Liu He è il supervisore ultimo, collegamento diretto con Xi, di tutti i dossier economici del Paese, e quello che riguarda il modo per aprire una via a un qualche accordo con gli Stati Uniti che possa mettere fine – almeno momentaneamente – allo scontro globale sfociato sul piano commerciale ha un valore estremo, esistenziale per Pechino. Non a caso Liu guida la delegazione spedita dal governo cinese negli Stati Uniti.

Trump – che in questi giorni difficili ha una produzione di tweet che sta più o meno sulle dieci uscite all’ora – ha detto che adesso la Cina “vuole” un accordo, per poi lasciare in sospeso un “but do I?”, “io lo voglio?”. Chiaramente è una domanda retorica, perché per Trump come per Xi raggiungere un qualche genere di intesa è fondamentale, per il primo anche in vista della rielezione, che arriverà con ogni probabilità in un momento in cui l’economia americana entrerà definitivamente in recessione (tecnicamente c’è già).

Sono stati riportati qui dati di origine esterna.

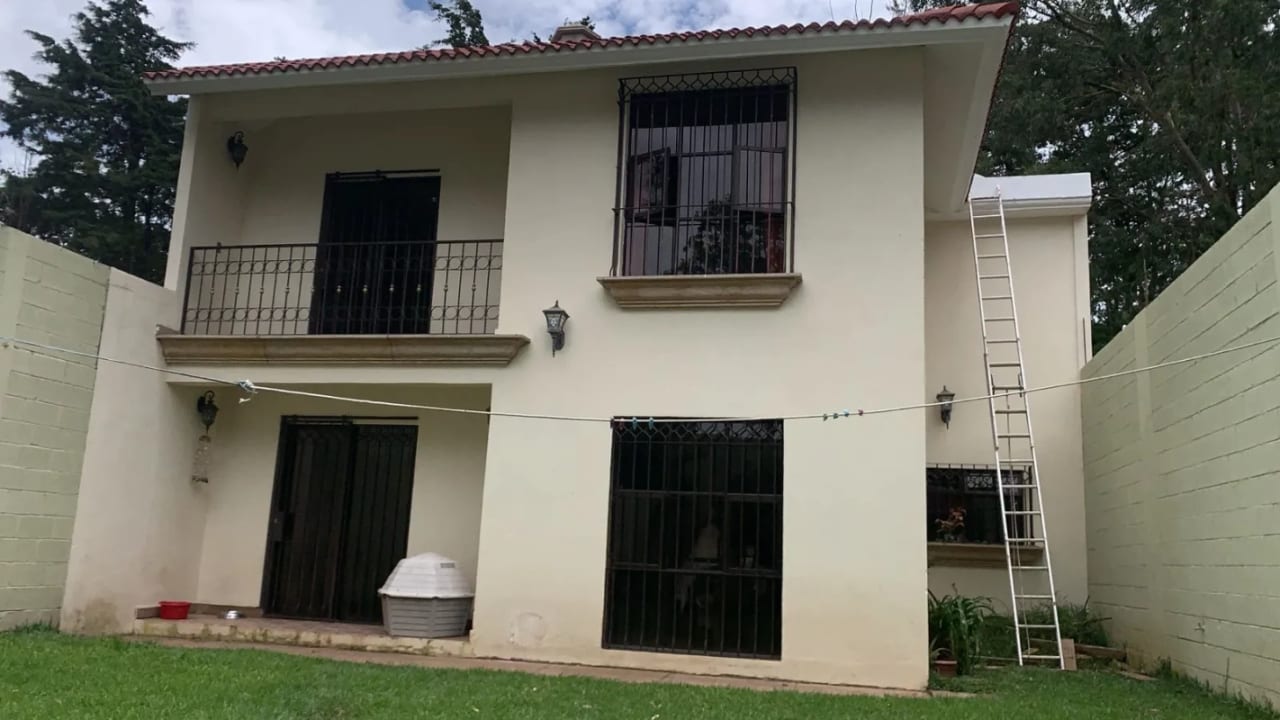 Casa en venta San Antonio Santa Catarina Pinula KM 16.5 — Casa en Venta en Santa Catarina Pinula, Guatemala, Ciudad — foto 1 de 8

Nel frattempo, comunque, ci sono molte informazioni a proposito di una pianificazione di più lungo termine all’interno dell’amministrazione americana con cui incalzare la Cina, sul fronte delle sue penetrazioni nel tessuto economico statunitense. Notizie che vengono fatte uscire anche per creare una sorta di leva psicologica sui cinesi, con l’obiettivo di ottenere più concessioni ai tavoli (dove teoricamente non si decide solo di riequilibrare il commercio, ma anche di questioni più ampie come la concorrenza cinese assistita dallo Stato, il furto di proprietà intellettuale, lo spionaggio industriale, i meccanismi di protezione verso gli americani che intendono investire in Cina).

A preparare il menù avvelenato contro l’economia cinese è stato Michael Pillsbury, China scholar dell’Hudson Institute e consulente esterno per il commercio della Casa Bianca. Lo schema è ampio, va dal facilitare l’inserimento di persone e società cinesi nelle black-list, alla riduzione delle esposizioni dei fondi pensione agli investimenti dalla Cina, ma non solo, perché tocca anche diversi nervi scoperti: propone di rafforzare il collegamento tra Usa e Taiwan, di lavorare finanziariamente per isolare il link Cina-Hong Kong, di avanzare sanzioni per le attività nel Mar Cinese Meridionale.

In queste ore Pillsbury è protagonista anche di un’altra vicenda: ha dichiarato infatti di aver ricevuto informazioni sulle attività commerciali di Hunter Biden durante una visita a Pechino nella stessa settimana in cui ha pubblicamente – e poi s’è scoperto anche privatamente – esortato la Cina a cercare eventuali magagne sul conto del figlio di Joe Biden, uno dei principali contender democratici alle presidenziali.